Addressing factory workers in early September, President Sarkozy stated, “I will not be the president of the Republic who leaves without having balanced the pension system. I am extremely determined”. Sarkozy is outspoken about strengthening France’s economy, as well as in advocating the restoration of a sense of work ethic to the nation.

Though the move is extremely unpopular across the nation – with recent polling showing 71 per cent of the general public in support of the recent strikes – Sarkozy’s pension reform bill has already passed the National Assembly by a vote of 329 to 233. The bill still has to pass the Senate before it can be signed into law, a move that is expected later this week.

President Sarkozy campaigned heavily on the slogan, “Work more to earn more.” Even before the current pension reform scenario was even suggested, Sarkozy’s administration worked hard to undermine France’s long-standing 35-hour work week. The early signs of dissent from union groups opposing pension reform can be traced back to this key issue. Comparatively, the European Union has a mandated work week of 48 hours, and the United States heralds a 40-hour work week. The idea to increase the hours, as stated by the idea’s supporters, is to give lower income earners the ability to make more money. More hours worked means more income, which in turn can increase spending potential, thus stimulating the economy. Those against the extended work week are usually higher-paid professionals who claim they are losing entitlement benefits for days off in exchange for days worked. In any case, the current law stipulates that workers in France do not work as much as their European counterparts.

A big question exists as to whether it is justified for the unions and the populous to be so incensed by the government’s latest move, or if it is an irrational reaction to self-perceived entitlement. Putting President Sarkozy’s proposal into perspective may shed some light on the issue. The current retirement age in France is 60 years old, still five years below the average retirement age for the majority of Western Europe, which is 65. Germany’s retirement age is even higher, coming in at 67. Though not part of Europe, the United States splits the difference between the European majority and Germany with a retirement age of 66. If France does pass this pension reform bill, it still does not put the country on par with the rest of the world. The bottom line: it seems that the French people are demanding more benefits for less work.

As in France, Russia’s current retirement age is 60 years old for men and only 55 for women, though the Kremlin is also looking at revamping the system and raising these numbers by 2014. However, Russia faces a different problem to France, as the average life expectancy for men in the country is less than 60. Raising the retirement age in Russia under the current system would mean many men would not live to receive their pensions at all.

As the world continues to struggle in recovery from a prolonged financial crisis, different governments are working to create systems within their countries to help them move forward.
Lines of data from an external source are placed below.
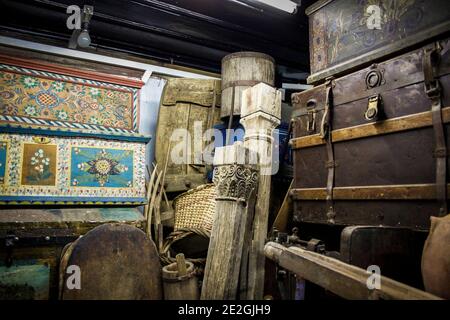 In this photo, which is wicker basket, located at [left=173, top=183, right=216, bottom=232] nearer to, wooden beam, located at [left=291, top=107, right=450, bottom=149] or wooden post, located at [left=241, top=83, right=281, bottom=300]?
wooden post, located at [left=241, top=83, right=281, bottom=300]

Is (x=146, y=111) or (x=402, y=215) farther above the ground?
(x=146, y=111)

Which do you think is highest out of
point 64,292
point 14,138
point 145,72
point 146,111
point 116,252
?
point 145,72

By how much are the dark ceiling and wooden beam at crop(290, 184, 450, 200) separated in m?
2.66

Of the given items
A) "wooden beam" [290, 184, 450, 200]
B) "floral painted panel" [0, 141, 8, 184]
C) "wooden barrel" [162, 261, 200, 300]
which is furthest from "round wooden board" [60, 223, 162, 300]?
"wooden beam" [290, 184, 450, 200]

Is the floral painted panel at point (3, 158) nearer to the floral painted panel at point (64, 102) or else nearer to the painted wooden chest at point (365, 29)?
the floral painted panel at point (64, 102)

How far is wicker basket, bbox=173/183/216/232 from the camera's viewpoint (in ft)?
10.6

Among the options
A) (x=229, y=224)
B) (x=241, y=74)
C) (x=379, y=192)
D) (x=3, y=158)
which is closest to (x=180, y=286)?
(x=229, y=224)

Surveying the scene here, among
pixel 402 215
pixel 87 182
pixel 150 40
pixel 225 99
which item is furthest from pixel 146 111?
pixel 402 215

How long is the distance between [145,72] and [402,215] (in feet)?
13.4

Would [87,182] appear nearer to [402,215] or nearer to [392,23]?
[402,215]

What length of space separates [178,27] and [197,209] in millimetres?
2822

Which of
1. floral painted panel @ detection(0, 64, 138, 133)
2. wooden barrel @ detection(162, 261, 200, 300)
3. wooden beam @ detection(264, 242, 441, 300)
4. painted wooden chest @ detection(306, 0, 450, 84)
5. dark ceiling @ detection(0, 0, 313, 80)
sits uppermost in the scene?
dark ceiling @ detection(0, 0, 313, 80)

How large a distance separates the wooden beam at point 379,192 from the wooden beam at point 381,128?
434 mm

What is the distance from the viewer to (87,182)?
10.7 ft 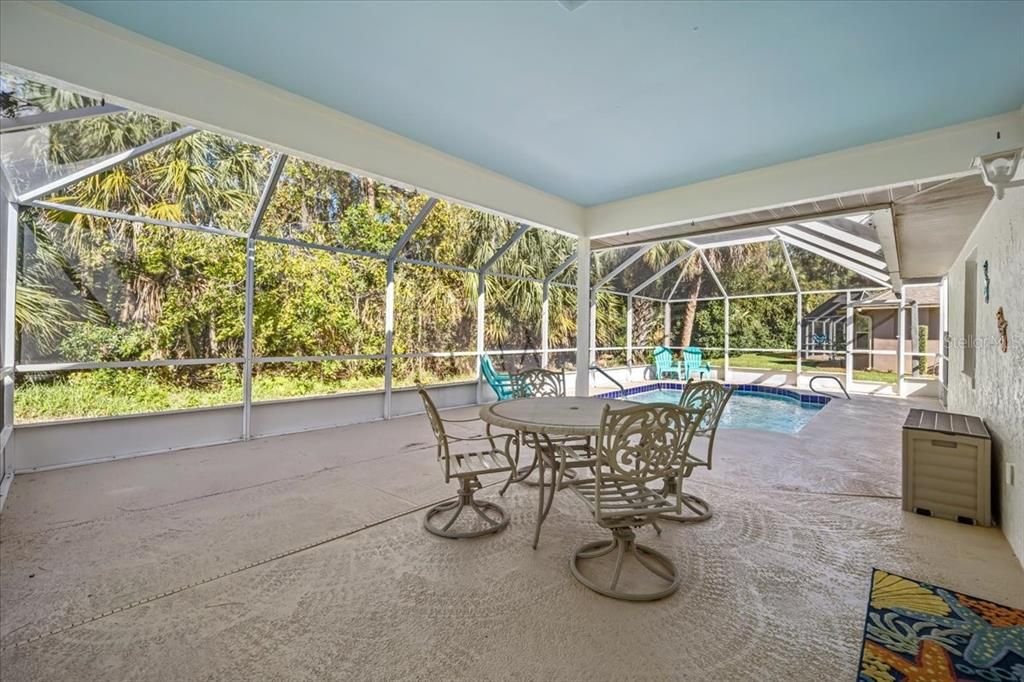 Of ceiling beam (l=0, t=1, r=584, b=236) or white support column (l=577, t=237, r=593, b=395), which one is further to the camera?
white support column (l=577, t=237, r=593, b=395)

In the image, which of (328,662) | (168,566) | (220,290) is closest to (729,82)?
(328,662)

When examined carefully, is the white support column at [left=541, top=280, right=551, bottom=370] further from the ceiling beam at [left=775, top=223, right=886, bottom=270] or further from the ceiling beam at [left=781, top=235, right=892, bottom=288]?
the ceiling beam at [left=781, top=235, right=892, bottom=288]

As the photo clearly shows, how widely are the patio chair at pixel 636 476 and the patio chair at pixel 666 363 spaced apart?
9.96 meters

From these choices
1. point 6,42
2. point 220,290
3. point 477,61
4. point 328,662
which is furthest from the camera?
point 220,290

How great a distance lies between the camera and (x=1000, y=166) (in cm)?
258

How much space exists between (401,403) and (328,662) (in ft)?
17.3

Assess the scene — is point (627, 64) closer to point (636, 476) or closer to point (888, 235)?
point (636, 476)

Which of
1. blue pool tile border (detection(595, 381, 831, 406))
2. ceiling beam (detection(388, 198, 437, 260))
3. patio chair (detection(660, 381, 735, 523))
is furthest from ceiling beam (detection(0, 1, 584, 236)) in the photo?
blue pool tile border (detection(595, 381, 831, 406))

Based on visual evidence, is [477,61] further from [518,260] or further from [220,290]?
[518,260]

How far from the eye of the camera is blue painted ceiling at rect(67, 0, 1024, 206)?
7.41 ft

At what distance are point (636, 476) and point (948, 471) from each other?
260cm

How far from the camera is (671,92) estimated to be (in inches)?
117

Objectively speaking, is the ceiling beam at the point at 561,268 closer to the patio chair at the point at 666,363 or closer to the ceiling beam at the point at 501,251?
Answer: the ceiling beam at the point at 501,251

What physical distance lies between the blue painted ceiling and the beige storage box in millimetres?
2223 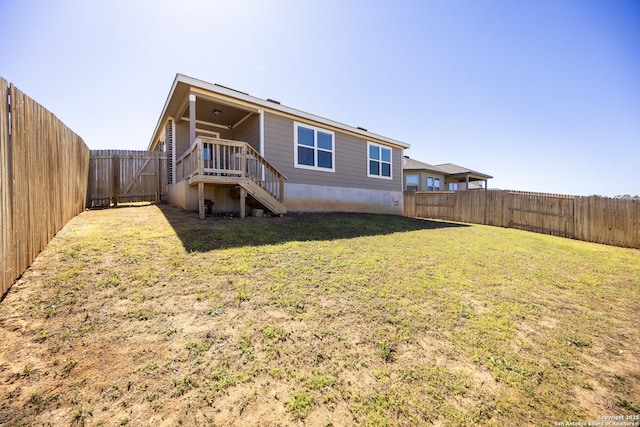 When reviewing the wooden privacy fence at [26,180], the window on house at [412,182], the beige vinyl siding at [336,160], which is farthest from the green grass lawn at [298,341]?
the window on house at [412,182]

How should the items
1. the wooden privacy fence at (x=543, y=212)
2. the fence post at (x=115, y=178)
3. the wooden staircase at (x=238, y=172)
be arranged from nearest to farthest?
the wooden staircase at (x=238, y=172)
the wooden privacy fence at (x=543, y=212)
the fence post at (x=115, y=178)

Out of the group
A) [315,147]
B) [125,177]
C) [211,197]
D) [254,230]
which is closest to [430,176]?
[315,147]

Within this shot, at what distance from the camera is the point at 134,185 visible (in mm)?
10219

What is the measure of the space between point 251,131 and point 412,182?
52.4 ft

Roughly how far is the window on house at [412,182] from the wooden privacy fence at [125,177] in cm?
A: 1804

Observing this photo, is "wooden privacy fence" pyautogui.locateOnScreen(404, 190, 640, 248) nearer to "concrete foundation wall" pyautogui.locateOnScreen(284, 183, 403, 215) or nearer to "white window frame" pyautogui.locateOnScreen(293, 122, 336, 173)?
"concrete foundation wall" pyautogui.locateOnScreen(284, 183, 403, 215)

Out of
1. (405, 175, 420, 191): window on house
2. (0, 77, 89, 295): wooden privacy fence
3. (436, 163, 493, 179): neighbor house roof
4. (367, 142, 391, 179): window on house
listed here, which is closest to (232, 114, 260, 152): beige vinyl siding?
(0, 77, 89, 295): wooden privacy fence

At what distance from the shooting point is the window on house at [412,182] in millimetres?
21156

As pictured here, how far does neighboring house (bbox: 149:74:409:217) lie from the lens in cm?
Result: 735

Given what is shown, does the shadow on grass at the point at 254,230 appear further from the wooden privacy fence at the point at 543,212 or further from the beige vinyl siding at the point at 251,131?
the wooden privacy fence at the point at 543,212

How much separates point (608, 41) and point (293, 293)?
1582cm

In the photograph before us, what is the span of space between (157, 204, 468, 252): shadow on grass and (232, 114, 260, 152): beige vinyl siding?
3.34m

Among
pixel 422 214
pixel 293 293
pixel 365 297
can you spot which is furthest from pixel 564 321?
pixel 422 214

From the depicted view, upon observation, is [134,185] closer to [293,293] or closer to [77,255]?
[77,255] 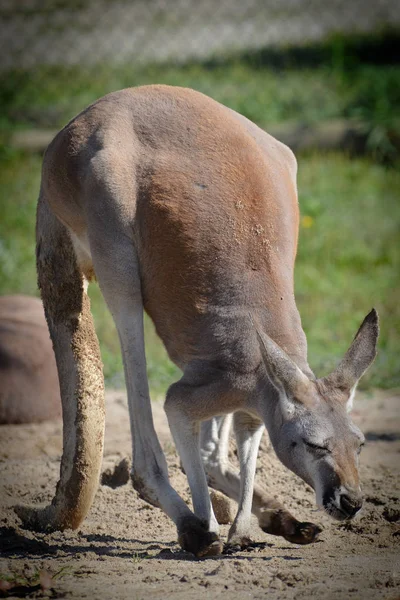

Often these efforts are unpopular, misunderstood, or at the very least they uncover a wide variance in philosophy that can divide countries as a whole.

In a twist of irony, the great French Revolution which led to the modern day political system in France also began amidst a great financial crisis. Now, the people are rising up once again with school closures, works stoppages and slow downs. It may be that this time their actions will drive their government deeper into debt in order to maintain a lighter work schedule for the individual, rather than provide for future stability.